* What the task asks *
Your task is to copy every entry exactly.

─── Material for the task ───

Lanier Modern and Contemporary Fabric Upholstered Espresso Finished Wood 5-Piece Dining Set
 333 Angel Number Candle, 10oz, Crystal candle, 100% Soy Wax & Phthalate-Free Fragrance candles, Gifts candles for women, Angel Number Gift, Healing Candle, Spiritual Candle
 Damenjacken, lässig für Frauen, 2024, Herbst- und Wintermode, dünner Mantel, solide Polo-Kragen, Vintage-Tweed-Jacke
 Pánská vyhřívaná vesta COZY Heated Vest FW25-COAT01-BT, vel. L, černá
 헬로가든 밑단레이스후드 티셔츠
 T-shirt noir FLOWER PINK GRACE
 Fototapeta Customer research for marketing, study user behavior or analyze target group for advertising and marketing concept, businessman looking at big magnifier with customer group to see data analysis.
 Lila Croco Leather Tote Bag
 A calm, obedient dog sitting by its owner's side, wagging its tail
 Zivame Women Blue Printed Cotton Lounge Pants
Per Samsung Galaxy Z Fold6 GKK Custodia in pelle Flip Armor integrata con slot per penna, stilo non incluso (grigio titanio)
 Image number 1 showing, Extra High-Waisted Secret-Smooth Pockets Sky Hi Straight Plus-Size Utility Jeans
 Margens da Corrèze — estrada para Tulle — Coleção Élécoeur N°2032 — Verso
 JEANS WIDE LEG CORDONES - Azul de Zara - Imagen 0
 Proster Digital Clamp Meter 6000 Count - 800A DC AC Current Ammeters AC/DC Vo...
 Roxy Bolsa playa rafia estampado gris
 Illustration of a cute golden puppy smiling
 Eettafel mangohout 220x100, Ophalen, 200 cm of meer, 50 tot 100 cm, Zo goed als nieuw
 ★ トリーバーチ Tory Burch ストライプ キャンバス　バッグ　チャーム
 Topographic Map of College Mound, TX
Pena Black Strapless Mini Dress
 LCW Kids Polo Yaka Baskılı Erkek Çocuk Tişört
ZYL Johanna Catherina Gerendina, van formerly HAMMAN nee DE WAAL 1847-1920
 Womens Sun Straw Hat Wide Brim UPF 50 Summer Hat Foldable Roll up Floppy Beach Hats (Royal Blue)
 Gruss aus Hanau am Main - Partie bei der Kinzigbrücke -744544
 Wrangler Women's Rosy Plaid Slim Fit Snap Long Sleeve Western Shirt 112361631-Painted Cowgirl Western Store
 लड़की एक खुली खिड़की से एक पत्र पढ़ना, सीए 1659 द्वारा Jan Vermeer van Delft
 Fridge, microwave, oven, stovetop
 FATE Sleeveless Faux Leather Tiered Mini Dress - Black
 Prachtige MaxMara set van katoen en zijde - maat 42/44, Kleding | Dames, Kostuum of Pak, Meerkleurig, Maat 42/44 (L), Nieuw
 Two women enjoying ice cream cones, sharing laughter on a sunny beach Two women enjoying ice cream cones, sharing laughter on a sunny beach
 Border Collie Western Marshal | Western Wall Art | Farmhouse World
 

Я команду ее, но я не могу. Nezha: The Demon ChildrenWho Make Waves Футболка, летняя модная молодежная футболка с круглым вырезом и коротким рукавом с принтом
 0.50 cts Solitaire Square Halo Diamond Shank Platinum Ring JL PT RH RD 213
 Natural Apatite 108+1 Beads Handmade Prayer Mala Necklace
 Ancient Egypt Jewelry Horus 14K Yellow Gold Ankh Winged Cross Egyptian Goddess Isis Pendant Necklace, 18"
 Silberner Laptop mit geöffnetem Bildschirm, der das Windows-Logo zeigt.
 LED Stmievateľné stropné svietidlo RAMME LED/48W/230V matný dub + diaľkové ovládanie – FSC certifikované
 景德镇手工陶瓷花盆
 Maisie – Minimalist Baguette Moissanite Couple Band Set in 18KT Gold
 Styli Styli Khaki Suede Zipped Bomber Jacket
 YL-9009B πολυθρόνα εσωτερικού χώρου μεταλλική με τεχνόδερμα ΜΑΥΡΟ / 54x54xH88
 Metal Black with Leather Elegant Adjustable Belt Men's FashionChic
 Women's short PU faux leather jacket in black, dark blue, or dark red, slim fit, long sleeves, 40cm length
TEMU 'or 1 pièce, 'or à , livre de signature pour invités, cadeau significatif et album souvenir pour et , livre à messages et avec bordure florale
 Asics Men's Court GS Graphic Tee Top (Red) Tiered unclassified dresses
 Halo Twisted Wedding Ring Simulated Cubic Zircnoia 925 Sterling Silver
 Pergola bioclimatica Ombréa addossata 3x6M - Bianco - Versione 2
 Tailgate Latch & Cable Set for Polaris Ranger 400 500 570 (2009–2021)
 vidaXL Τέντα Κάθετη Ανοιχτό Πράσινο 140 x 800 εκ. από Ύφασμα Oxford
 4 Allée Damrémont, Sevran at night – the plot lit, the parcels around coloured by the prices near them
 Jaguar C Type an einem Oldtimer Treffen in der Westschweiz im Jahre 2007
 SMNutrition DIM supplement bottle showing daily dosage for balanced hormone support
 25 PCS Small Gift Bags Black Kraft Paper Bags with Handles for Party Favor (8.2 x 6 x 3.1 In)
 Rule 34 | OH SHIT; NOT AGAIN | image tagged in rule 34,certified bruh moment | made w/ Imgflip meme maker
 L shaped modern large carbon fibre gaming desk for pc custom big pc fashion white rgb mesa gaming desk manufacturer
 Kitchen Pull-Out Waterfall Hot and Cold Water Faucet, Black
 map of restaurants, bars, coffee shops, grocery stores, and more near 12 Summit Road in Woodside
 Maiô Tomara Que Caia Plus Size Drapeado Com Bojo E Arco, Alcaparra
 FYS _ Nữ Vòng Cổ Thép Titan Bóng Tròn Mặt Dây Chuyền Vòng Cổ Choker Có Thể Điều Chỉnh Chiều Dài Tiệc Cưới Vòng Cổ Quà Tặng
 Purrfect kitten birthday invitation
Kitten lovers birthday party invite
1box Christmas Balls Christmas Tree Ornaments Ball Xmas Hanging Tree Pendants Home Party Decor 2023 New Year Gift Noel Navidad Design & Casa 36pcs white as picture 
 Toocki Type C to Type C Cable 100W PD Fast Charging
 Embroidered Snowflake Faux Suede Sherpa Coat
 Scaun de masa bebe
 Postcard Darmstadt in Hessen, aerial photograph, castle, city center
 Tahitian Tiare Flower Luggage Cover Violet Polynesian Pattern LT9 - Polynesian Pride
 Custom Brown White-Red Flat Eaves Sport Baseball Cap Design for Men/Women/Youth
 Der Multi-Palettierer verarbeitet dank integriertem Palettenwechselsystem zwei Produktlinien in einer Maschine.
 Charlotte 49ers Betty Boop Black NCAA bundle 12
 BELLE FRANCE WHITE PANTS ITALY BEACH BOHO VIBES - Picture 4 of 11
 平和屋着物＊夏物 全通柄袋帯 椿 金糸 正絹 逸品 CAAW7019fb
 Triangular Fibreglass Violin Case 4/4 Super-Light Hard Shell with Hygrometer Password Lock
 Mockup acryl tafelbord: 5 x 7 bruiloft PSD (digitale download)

───

* Result of the task *
Lanier Modern and Contemporary Fabric Upholstered Espresso Finished Wood 5-Piece Dining Set
 333 Angel Number Candle, 10oz, Crystal candle, 100% Soy Wax & Phthalate-Free Fragrance candles, Gifts candles for women, Angel Number Gift, Healing Candle, Spiritual Candle
 Damenjacken, lässig für Frauen, 2024, Herbst- und Wintermode, dünner Mantel, solide Polo-Kragen, Vintage-Tweed-Jacke
 Pánská vyhřívaná vesta COZY Heated Vest FW25-COAT01-BT, vel. L, černá
 헬로가든 밑단레이스후드 티셔츠
 T-shirt noir FLOWER PINK GRACE
 Fototapeta Customer research for marketing, study user behavior or analyze target group for advertising and marketing concept, businessman looking at big magnifier with customer group to see data analysis.
 Lila Croco Leather Tote Bag
 A calm, obedient dog sitting by its owner's side, wagging its tail
 Zivame Women Blue Printed Cotton Lounge Pants
Per Samsung Galaxy Z Fold6 GKK Custodia in pelle Flip Armor integrata con slot per penna, stilo non incluso (grigio titanio)
 Image number 1 showing, Extra High-Waisted Secret-Smooth Pockets Sky Hi Straight Plus-Size Utility Jeans
 Margens da Corrèze — estrada para Tulle — Coleção Élécoeur N°2032 — Verso
 JEANS WIDE LEG CORDONES - Azul de Zara - Imagen 0
 Proster Digital Clamp Meter 6000 Count - 800A DC AC Current Ammeters AC/DC Vo...
 Roxy Bolsa playa rafia estampado gris
 Illustration of a cute golden puppy smiling
 Eettafel mangohout 220x100, Ophalen, 200 cm of meer, 50 tot 100 cm, Zo goed als nieuw
 ★ トリーバーチ Tory Burch ストライプ キャンバス　バッグ　チャーム
 Topographic Map of College Mound, TX
Pena Black Strapless Mini Dress
 LCW Kids Polo Yaka Baskılı Erkek Çocuk Tişört
ZYL Johanna Catherina Gerendina, van formerly HAMMAN nee DE WAAL 1847-1920
 Womens Sun Straw Hat Wide Brim UPF 50 Summer Hat Foldable Roll up Floppy Beach Hats (Royal Blue)
 Gruss aus Hanau am Main - Partie bei der Kinzigbrücke -744544
 Wrangler Women's Rosy Plaid Slim Fit Snap Long Sleeve Western Shirt 112361631-Painted Cowgirl Western Store
 लड़की एक खुली खिड़की से एक पत्र पढ़ना, सीए 1659 द्वारा Jan Vermeer van Delft
 Fridge, microwave, oven, stovetop
 FATE Sleeveless Faux Leather Tiered Mini Dress - Black
 Prachtige MaxMara set van katoen en zijde - maat 42/44, Kleding | Dames, Kostuum of Pak, Meerkleurig, Maat 42/44 (L), Nieuw
 Two women enjoying ice cream cones, sharing laughter on a sunny beach Two women enjoying ice cream cones, sharing laughter on a sunny beach
 Border Collie Western Marshal | Western Wall Art | Farmhouse World
 

Я команду ее, но я не могу. Nezha: The Demon ChildrenWho Make Waves Футболка, летняя модная молодежная футболка с круглым вырезом и коротким рукавом с принтом
 0.50 cts Solitaire Square Halo Diamond Shank Platinum Ring JL PT RH RD 213
 Natural Apatite 108+1 Beads Handmade Prayer Mala Necklace
 Ancient Egypt Jewelry Horus 14K Yellow Gold Ankh Winged Cross Egyptian Goddess Isis Pendant Necklace, 18"
 Silberner Laptop mit geöffnetem Bildschirm, der das Windows-Logo zeigt.
 LED Stmievateľné stropné svietidlo RAMME LED/48W/230V matný dub + diaľkové ovládanie – FSC certifikované
 景德镇手工陶瓷花盆
 Maisie – Minimalist Baguette Moissanite Couple Band Set in 18KT Gold
 Styli Styli Khaki Suede Zipped Bomber Jacket
 YL-9009B πολυθρόνα εσωτερικού χώρου μεταλλική με τεχνόδερμα ΜΑΥΡΟ / 54x54xH88
 Metal Black with Leather Elegant Adjustable Belt Men's FashionChic
 Women's short PU faux leather jacket in black, dark blue, or dark red, slim fit, long sleeves, 40cm length
TEMU 'or 1 pièce, 'or à , livre de signature pour invités, cadeau significatif et album souvenir pour et , livre à messages et avec bordure florale
 Asics Men's Court GS Graphic Tee Top (Red) Tiered unclassified dresses
 Halo Twisted Wedding Ring Simulated Cubic Zircnoia 925 Sterling Silver
 Pergola bioclimatica Ombréa addossata 3x6M - Bianco - Versione 2
 Tailgate Latch & Cable Set for Polaris Ranger 400 500 570 (2009–2021)
 vidaXL Τέντα Κάθετη Ανοιχτό Πράσινο 140 x 800 εκ. από Ύφασμα Oxford
 4 Allée Damrémont, Sevran at night – the plot lit, the parcels around coloured by the prices near them
 Jaguar C Type an einem Oldtimer Treffen in der Westschweiz im Jahre 2007
 SMNutrition DIM supplement bottle showing daily dosage for balanced hormone support
 25 PCS Small Gift Bags Black Kraft Paper Bags with Handles for Party Favor (8.2 x 6 x 3.1 In)
 Rule 34 | OH SHIT; NOT AGAIN | image tagged in rule 34,certified bruh moment | made w/ Imgflip meme maker
 L shaped modern large carbon fibre gaming desk for pc custom big pc fashion white rgb mesa gaming desk manufacturer
 Kitchen Pull-Out Waterfall Hot and Cold Water Faucet, Black
 map of restaurants, bars, coffee shops, grocery stores, and more near 12 Summit Road in Woodside
 Maiô Tomara Que Caia Plus Size Drapeado Com Bojo E Arco, Alcaparra
 FYS _ Nữ Vòng Cổ Thép Titan Bóng Tròn Mặt Dây Chuyền Vòng Cổ Choker Có Thể Điều Chỉnh Chiều Dài Tiệc Cưới Vòng Cổ Quà Tặng
 Purrfect kitten birthday invitation
Kitten lovers birthday party invite
1box Christmas Balls Christmas Tree Ornaments Ball Xmas Hanging Tree Pendants Home Party Decor 2023 New Year Gift Noel Navidad Design & Casa 36pcs white as picture 
 Toocki Type C to Type C Cable 100W PD Fast Charging
 Embroidered Snowflake Faux Suede Sherpa Coat
 Scaun de masa bebe
 Postcard Darmstadt in Hessen, aerial photograph, castle, city center
 Tahitian Tiare Flower Luggage Cover Violet Polynesian Pattern LT9 - Polynesian Pride
 Custom Brown White-Red Flat Eaves Sport Baseball Cap Design for Men/Women/Youth
 Der Multi-Palettierer verarbeitet dank integriertem Palettenwechselsystem zwei Produktlinien in einer Maschine.
 Charlotte 49ers Betty Boop Black NCAA bundle 12
 BELLE FRANCE WHITE PANTS ITALY BEACH BOHO VIBES - Picture 4 of 11
 平和屋着物＊夏物 全通柄袋帯 椿 金糸 正絹 逸品 CAAW7019fb
 Triangular Fibreglass Violin Case 4/4 Super-Light Hard Shell with Hygrometer Password Lock
 Mockup acryl tafelbord: 5 x 7 bruiloft PSD (digitale download)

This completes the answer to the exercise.